An exact copy of every record below is required, with the pictures left out.

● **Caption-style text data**

=== Begin Enclosure ===

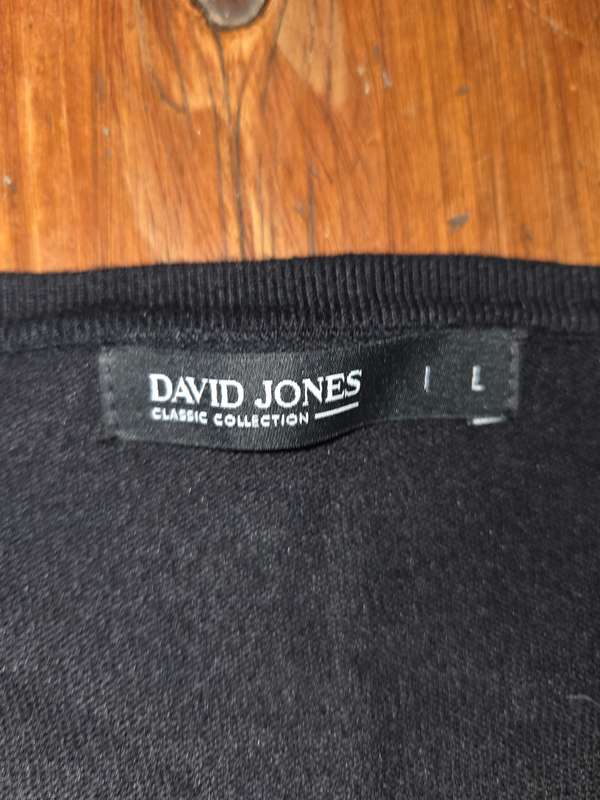 David Jones Knitwear - Black - Size L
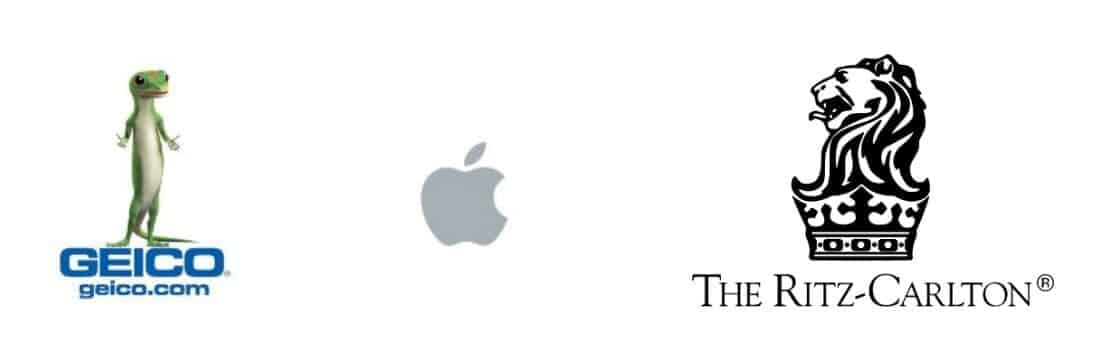 Geico Gecko Apple logo Ritz Carlton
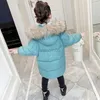 Piumino irls cappotti imbottiti in cotone inverno lungo Capispalla 4 5 6 7 8 9 10 11 12 13 14 anni giacca ispessita per bambini Abbigliamento per bambini HKD230725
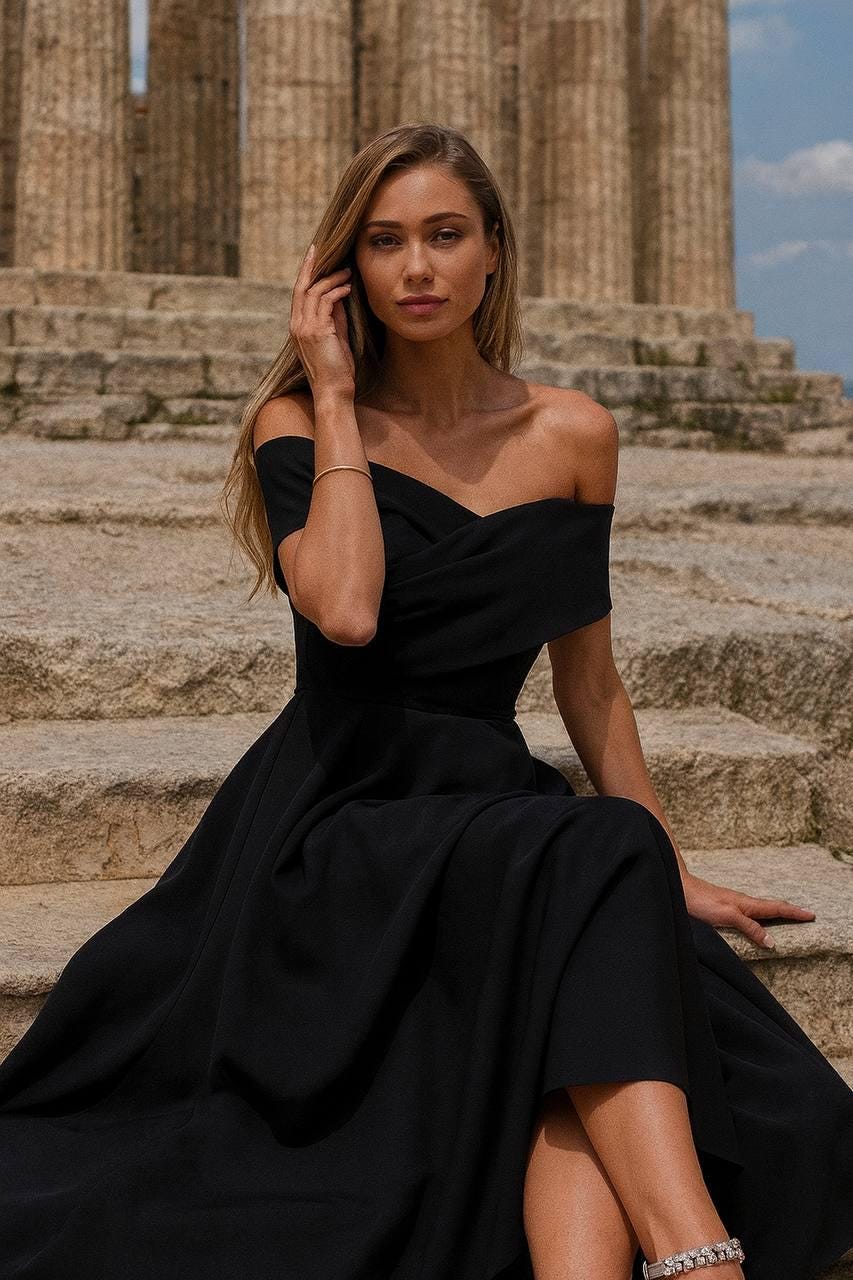 black formal dress nz hurlington black dress runway main image 1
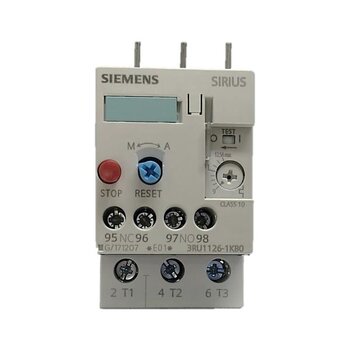 Relé de Sobrecarga 3RU11 26-1KB0 Ajuste 9 - 12,5A (S0) - SIEMENS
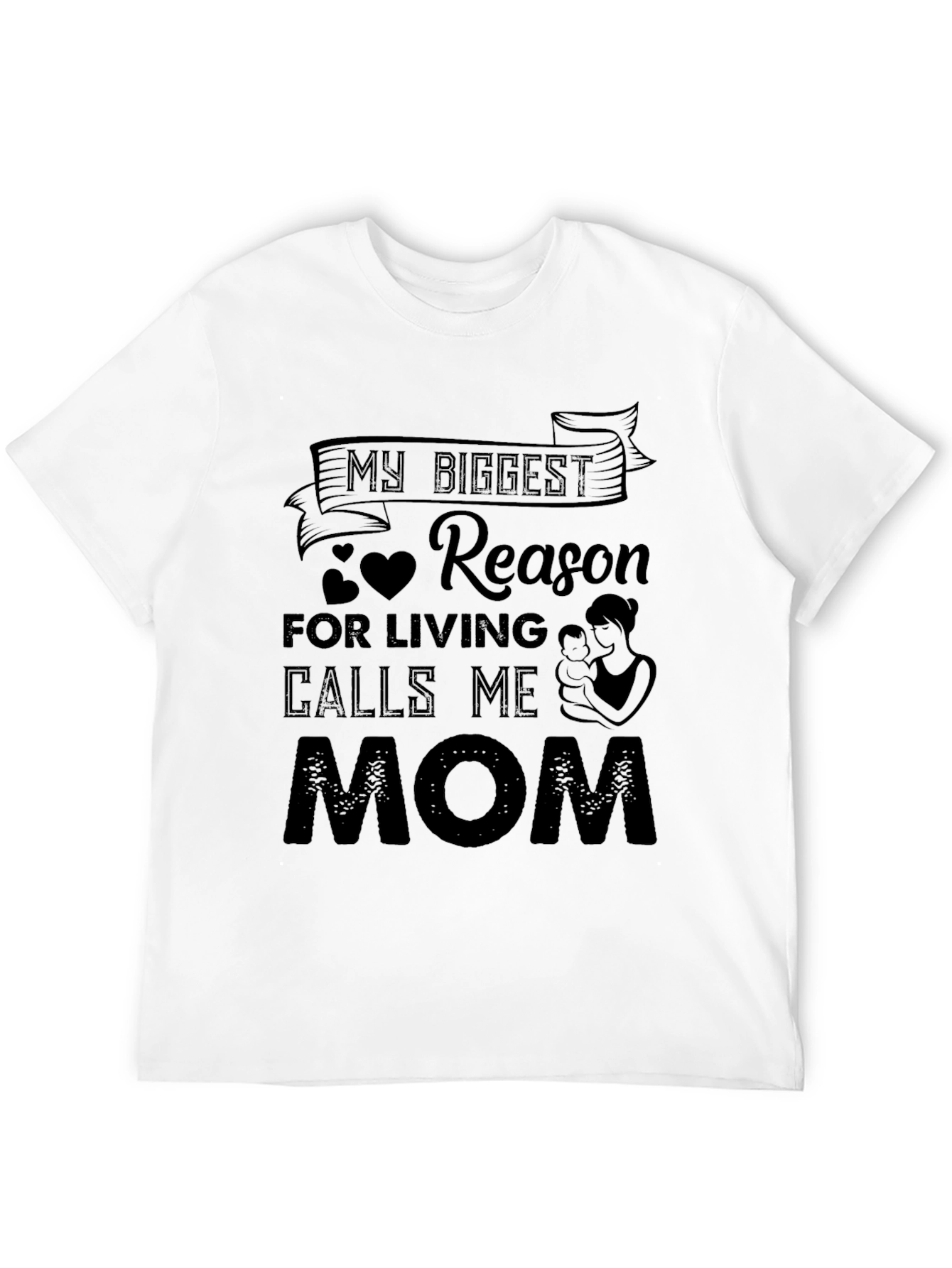 My Biggest Reason Calls Me Mom Graphic T-Shirt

=== End Enclosure ===

● **Written solution**
 David Jones Knitwear - Black - Size L
 Geico Gecko Apple logo Ritz Carlton
 Piumino irls cappotti imbottiti in cotone inverno lungo Capispalla 4 5 6 7 8 9 10 11 12 13 14 anni giacca ispessita per bambini Abbigliamento per bambini HKD230725
 black formal dress nz hurlington black dress runway main image 1
 Relé de Sobrecarga 3RU11 26-1KB0 Ajuste 9 - 12,5A (S0) - SIEMENS
 My Biggest Reason Calls Me Mom Graphic T-Shirt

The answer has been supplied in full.